Les quatre managers choisis par l’organisateur s’installent dans le carré de la Maliga, bateau de légende d’IXOS qui offre un cadre idéal pour mobiliser les talents d’une équipe. Chacun expose sa problématique. Un animateur expérimenté dans la facilitation de la réflexion latérale recentre le débat chaque fois que la consultation dérive. Lorsqu’un participant décrit ses interrogations, il se met en posture de client et les autres deviennent consultants. Ces derniers clarifient la demande d’aide en posant des questions, jusqu’à la consécration d’un contrat de consultation. Le client, interpellé par les interrogations de ses collègues, trouve en lui des remèdes solvables que consolident les recommandations du groupe.

Grande pourvoyeuse de modèles théoriques indispensables, l’école ne peut en aucun cas supplanter l’expérience. Si la formation a le mérite d’enseigner les fondamentaux d’une fonction, c’est le mimétisme qui fournit les automatismes professionnels. On s’approprie des méthodes de travail en imitant les maîtres de l’art. L’apprentissage affine les compétences en immersion et forge l’identité professionnelle du disciple. Adrien Payette et Claude Champagne ont échafaudé une pédagogie qui fait appel à l’intelligence collective pour faire profiter chacun des expertises des autres. D’entrée de jeu, force est de constater que l’intelligence qui nous fait défaut se trouve dans la tête de quelqu’un. Avec le bon animateur, les participants livrent leurs trucs et astuces.

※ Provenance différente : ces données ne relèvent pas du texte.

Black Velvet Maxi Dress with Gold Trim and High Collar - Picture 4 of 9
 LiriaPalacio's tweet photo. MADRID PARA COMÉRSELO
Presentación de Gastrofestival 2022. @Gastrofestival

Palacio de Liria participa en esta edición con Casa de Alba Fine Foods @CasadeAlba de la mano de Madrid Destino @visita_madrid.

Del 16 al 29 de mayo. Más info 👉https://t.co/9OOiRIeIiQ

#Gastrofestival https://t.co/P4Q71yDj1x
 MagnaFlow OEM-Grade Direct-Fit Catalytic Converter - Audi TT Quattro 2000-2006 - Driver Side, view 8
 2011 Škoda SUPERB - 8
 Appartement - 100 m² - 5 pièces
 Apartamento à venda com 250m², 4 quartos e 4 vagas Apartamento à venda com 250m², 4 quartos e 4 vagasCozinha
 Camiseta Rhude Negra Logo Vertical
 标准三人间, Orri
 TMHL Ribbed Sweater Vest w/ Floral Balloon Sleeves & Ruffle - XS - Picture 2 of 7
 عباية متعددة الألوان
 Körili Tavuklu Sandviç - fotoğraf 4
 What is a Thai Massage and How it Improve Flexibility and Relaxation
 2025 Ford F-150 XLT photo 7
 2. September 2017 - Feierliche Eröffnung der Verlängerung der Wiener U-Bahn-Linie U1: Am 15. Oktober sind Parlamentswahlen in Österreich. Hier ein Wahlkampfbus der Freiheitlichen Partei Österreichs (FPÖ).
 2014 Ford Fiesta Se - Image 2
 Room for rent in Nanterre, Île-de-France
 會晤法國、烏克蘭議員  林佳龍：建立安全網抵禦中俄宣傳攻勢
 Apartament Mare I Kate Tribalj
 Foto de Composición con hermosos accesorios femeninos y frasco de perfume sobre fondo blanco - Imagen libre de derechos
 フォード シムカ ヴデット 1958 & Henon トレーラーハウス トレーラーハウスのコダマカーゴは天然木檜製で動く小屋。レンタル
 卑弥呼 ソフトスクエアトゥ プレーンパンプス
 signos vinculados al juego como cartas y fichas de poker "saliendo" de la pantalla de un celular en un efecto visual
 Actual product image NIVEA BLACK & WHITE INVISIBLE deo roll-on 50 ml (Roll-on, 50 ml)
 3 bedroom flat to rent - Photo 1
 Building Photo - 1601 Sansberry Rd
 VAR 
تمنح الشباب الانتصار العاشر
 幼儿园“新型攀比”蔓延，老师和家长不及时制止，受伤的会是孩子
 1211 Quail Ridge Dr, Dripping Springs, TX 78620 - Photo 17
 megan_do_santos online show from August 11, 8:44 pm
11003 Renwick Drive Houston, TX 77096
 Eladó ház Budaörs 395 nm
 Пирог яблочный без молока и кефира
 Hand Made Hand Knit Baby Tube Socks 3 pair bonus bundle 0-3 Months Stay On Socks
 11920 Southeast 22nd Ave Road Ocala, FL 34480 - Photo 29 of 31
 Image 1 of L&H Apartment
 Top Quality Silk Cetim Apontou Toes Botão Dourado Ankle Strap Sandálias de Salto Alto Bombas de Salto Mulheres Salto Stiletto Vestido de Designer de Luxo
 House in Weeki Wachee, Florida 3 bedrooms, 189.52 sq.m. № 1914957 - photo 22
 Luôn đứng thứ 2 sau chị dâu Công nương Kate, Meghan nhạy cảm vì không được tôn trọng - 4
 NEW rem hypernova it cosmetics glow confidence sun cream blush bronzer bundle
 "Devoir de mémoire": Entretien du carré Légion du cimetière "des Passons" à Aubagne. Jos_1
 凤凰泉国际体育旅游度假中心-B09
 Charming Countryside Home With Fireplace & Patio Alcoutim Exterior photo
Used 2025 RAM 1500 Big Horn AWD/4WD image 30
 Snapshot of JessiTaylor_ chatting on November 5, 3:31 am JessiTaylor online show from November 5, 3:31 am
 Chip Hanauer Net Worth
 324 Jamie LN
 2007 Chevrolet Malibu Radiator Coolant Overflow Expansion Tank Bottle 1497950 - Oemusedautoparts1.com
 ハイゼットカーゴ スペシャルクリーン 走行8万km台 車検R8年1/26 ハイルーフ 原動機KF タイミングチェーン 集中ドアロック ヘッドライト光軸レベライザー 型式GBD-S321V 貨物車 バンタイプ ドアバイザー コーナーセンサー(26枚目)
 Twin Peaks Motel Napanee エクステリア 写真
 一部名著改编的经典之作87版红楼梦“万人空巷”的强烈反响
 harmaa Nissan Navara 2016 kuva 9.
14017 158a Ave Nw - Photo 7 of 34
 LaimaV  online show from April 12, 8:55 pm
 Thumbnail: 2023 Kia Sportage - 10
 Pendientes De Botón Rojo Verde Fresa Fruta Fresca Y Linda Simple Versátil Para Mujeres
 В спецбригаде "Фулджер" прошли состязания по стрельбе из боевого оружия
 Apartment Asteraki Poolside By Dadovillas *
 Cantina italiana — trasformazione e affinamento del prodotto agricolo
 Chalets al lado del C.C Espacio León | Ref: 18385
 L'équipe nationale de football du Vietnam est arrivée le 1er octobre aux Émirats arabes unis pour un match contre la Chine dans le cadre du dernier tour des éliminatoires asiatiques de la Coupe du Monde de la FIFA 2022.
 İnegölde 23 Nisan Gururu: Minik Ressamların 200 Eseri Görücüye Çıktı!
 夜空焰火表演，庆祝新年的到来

Toute dynamique de groupe produit un système de croyances fédérateur, susceptible d’homogénéiser les savoir-faire. Si le codéveloppement peut être comparé à un brainstorming ou à une action de team building, il se distingue de ces fabriques d’histoires communes par l’organisation de consultations structurées. L’un à la vigie, les autres en embuscade, le groupe progresse mieux dans le partage. En se mettant à la place du client, les consultants l’aident à trouver en lui des solutions qui prennent en compte les spécificités du process et les dispositions du client en même temps. Les consultants écoutent, décodent, décryptent et analysent les problèmes du collègue client qui fourmille d’anecdotes et suscite la sympathie. Son récit donne du sens aux difficultés exprimées. C’est comme un jeu de chacun contre tous qui ne fait que des gagnants. Pour que tout le monde lâche les freins, on oublie grades et qualités lors d’une consultation de codéveloppement.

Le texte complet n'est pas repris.